*** Block opens ***

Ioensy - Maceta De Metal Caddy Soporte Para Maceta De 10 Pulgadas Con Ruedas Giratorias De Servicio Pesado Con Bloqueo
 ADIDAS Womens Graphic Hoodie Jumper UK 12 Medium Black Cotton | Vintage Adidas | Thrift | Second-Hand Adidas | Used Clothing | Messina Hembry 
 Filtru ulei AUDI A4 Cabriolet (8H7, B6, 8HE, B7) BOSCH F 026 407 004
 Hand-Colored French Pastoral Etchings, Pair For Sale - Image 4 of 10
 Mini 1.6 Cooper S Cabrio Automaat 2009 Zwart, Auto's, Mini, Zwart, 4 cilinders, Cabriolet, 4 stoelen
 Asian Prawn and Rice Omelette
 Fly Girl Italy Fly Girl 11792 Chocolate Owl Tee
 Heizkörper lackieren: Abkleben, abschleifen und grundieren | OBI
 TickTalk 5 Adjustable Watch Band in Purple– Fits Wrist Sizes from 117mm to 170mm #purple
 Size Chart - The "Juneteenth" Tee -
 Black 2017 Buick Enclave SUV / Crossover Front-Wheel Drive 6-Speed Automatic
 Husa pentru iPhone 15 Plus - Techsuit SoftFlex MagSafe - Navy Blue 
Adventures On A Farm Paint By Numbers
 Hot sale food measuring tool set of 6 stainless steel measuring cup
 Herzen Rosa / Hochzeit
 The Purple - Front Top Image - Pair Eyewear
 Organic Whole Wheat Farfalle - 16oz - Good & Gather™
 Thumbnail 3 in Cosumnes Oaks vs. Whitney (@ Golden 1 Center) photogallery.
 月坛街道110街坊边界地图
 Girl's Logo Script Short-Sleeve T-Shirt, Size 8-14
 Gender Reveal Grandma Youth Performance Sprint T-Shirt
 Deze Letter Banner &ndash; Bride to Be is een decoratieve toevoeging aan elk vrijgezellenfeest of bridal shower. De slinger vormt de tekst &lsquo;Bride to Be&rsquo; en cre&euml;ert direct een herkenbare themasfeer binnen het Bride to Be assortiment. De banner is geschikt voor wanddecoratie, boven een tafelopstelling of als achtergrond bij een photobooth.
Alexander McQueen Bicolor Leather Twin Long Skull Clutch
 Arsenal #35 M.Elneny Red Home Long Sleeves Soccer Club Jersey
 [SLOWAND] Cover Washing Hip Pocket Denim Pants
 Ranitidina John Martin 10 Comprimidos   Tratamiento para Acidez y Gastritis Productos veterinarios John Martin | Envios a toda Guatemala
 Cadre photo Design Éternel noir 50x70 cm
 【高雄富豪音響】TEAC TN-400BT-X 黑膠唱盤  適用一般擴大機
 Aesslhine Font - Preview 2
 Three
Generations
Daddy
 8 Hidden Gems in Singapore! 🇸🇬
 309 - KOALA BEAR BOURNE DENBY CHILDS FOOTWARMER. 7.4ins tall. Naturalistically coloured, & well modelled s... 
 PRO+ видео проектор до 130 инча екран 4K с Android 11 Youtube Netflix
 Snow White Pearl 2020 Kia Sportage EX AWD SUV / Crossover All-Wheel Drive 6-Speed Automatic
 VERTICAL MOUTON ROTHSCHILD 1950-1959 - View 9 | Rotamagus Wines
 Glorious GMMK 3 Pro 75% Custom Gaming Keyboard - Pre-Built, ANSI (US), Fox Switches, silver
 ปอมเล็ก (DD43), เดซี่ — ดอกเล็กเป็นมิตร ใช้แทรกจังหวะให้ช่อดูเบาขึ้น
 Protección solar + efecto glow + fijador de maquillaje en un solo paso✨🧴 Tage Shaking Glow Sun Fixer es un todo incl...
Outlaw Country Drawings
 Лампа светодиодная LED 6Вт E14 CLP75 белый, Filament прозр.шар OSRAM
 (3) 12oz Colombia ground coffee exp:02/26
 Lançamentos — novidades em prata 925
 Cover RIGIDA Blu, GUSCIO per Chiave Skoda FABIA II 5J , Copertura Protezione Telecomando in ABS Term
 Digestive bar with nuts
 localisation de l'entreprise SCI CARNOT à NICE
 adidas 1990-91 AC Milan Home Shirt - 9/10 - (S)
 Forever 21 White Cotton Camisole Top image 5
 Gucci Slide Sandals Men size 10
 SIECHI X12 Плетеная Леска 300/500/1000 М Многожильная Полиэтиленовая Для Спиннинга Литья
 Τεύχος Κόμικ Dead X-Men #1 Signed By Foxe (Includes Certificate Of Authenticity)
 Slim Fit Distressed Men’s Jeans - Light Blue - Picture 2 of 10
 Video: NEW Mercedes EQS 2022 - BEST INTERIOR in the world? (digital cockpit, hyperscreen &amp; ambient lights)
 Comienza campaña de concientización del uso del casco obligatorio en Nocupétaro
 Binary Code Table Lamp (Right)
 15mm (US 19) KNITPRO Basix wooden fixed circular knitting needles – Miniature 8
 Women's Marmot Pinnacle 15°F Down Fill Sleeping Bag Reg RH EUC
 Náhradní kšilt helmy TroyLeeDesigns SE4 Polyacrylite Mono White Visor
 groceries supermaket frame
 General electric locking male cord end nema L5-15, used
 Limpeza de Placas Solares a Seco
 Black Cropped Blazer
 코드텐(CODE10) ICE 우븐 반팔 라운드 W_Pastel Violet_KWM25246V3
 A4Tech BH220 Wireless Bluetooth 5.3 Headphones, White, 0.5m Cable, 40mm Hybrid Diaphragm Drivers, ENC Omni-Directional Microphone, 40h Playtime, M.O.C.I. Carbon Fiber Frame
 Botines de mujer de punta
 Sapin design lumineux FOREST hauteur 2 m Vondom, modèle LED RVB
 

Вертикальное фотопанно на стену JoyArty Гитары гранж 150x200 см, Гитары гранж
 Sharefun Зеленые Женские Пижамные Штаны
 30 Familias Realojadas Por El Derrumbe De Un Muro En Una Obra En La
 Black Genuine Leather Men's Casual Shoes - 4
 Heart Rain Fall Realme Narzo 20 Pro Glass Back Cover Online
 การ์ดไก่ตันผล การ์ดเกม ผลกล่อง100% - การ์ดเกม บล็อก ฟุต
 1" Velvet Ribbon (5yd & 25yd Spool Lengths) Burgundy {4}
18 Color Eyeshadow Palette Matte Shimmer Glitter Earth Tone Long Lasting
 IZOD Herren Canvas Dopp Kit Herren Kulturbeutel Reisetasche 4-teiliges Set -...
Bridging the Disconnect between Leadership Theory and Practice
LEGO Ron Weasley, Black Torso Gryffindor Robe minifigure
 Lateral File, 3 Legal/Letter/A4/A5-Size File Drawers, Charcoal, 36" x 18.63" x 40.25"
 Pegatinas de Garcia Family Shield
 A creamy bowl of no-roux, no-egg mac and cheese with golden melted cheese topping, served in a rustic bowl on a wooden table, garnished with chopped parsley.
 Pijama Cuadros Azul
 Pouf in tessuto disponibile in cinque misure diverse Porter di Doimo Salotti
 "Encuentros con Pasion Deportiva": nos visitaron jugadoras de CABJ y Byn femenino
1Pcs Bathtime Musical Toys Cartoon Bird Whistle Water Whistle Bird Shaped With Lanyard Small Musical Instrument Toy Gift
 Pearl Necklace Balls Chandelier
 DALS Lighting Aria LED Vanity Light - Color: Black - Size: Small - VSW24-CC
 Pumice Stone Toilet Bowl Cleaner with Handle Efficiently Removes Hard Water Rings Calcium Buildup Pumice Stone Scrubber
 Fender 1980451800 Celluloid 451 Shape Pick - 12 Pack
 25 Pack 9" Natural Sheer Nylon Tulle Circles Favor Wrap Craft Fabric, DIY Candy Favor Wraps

*** Block closes ***

Work instructions:
With the line holding "30 Familias Realojadas" as the first and the line holding "Pearl Necklace Balls Chandelier" as the last, set down that range of the entries above exactly, and nothing else.

Exercise solution:
 30 Familias Realojadas Por El Derrumbe De Un Muro En Una Obra En La
 Black Genuine Leather Men's Casual Shoes - 4
 Heart Rain Fall Realme Narzo 20 Pro Glass Back Cover Online
 การ์ดไก่ตันผล การ์ดเกม ผลกล่อง100% - การ์ดเกม บล็อก ฟุต
 1" Velvet Ribbon (5yd & 25yd Spool Lengths) Burgundy {4}
18 Color Eyeshadow Palette Matte Shimmer Glitter Earth Tone Long Lasting
 IZOD Herren Canvas Dopp Kit Herren Kulturbeutel Reisetasche 4-teiliges Set -...
Bridging the Disconnect between Leadership Theory and Practice
LEGO Ron Weasley, Black Torso Gryffindor Robe minifigure
 Lateral File, 3 Legal/Letter/A4/A5-Size File Drawers, Charcoal, 36" x 18.63" x 40.25"
 Pegatinas de Garcia Family Shield
 A creamy bowl of no-roux, no-egg mac and cheese with golden melted cheese topping, served in a rustic bowl on a wooden table, garnished with chopped parsley.
 Pijama Cuadros Azul
 Pouf in tessuto disponibile in cinque misure diverse Porter di Doimo Salotti
 "Encuentros con Pasion Deportiva": nos visitaron jugadoras de CABJ y Byn femenino
1Pcs Bathtime Musical Toys Cartoon Bird Whistle Water Whistle Bird Shaped With Lanyard Small Musical Instrument Toy Gift
 Pearl Necklace Balls Chandelier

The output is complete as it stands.